We stood there for a while on that tiny island being swallowed by the tempest, watching each other’s breath twisted up by rain. And then Baxter looked at me. It had been a while. I had almost forgotten how huge his eyes were, moons in tandem orbit.
I had nothing more to say. When I got the canoe ready to leave, Baxter said, “Don’t bring me here again. I don’t want to come here again.” I nodded and we started back to shore.
The way back was the worst part of it. There was a terrible shrieking sound in my ears whenever I thought about the island and the words Baxter said. The only way to stop that earth-shattering siren in my ears was to take my mind off of the island. So I thought of a song in my head and sang it while dragging the canoe back to the car in the drenching rains. Baxter barked ferociously at the canoe again. I sang so loud that it didn’t matter that the strap kept slipping. I secured the boat and sang the whole way home.

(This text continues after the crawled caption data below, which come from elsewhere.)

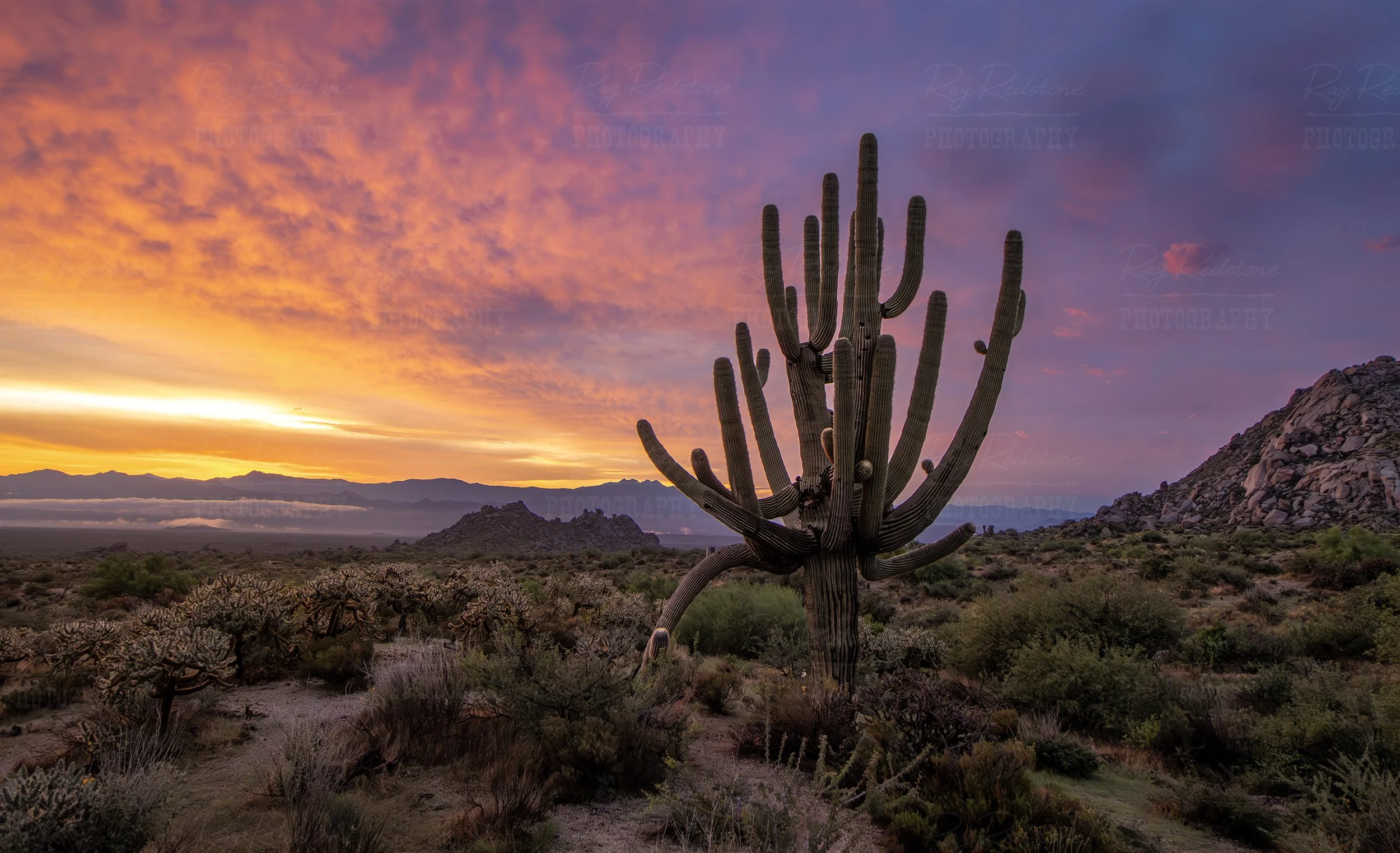 Huge Multi Armed Cactus At Sunrise In Arizona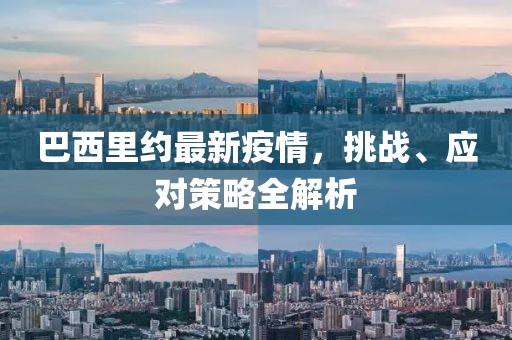 巴西里约最新疫情，挑战、应对策略全解析
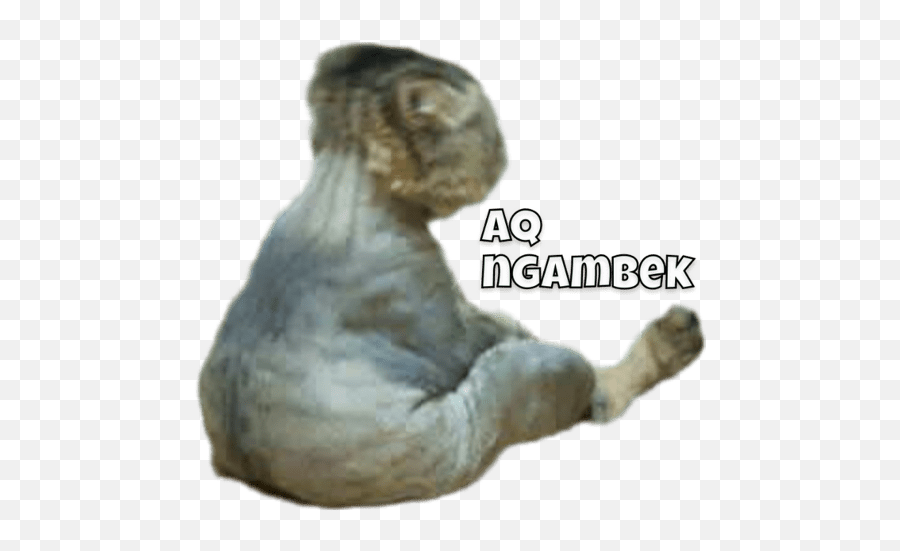 Odading Emoji,Mang Emoji Odading Emoji,Mang Emoji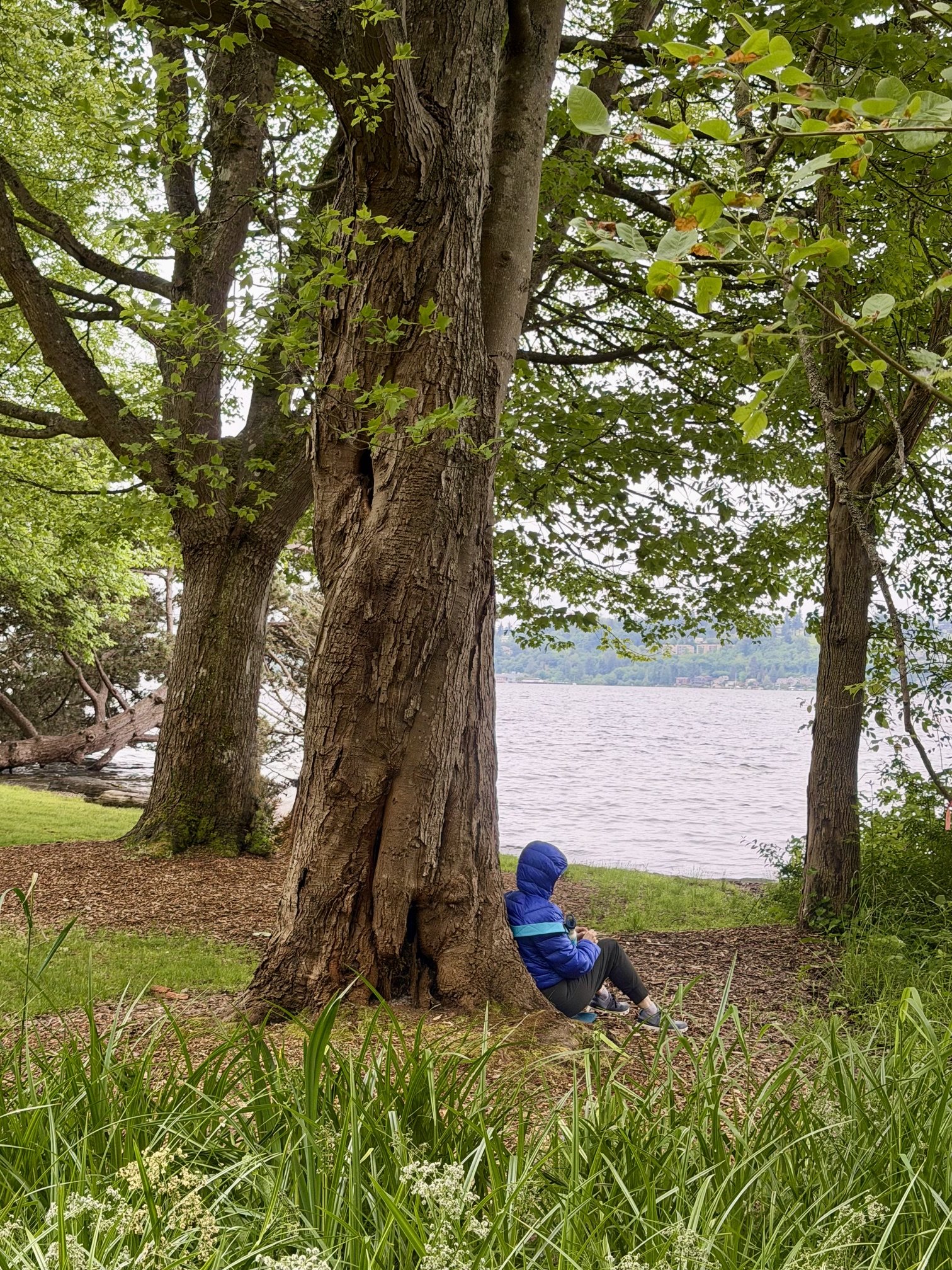 A person in a blue jacket and gray pants sits by a large tree near a lake, with foliage and grass in the foreground and other trees and water in the background.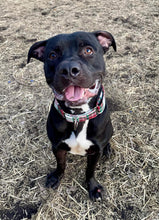 Load image into Gallery viewer, Dog Collar/ Christmas Plaid Dog Collar/ Holiday Plaid Dog Collar/ Winter Plaid Dog Collar/ Christmas Colors Dog Collar/ Fabric Dog Collar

As soon as we turned the corner, I noticed how dark the apartment looked. Smears of ink for windows. When I opened the door, the cat shot past me. I called out to her but the rain swallowed it and she was gone, long gone, into the night. By the front window, the electric candle had marks chewed into its side where it lay on the wooden floor like a hit and run accident.
Although I never got another cat, I tried having other girlfriends. It seldom worked out. Who can blame them for refusing to come between Baxter and me? The awkwardness of it all so loud it makes my ears rain just thinking about it.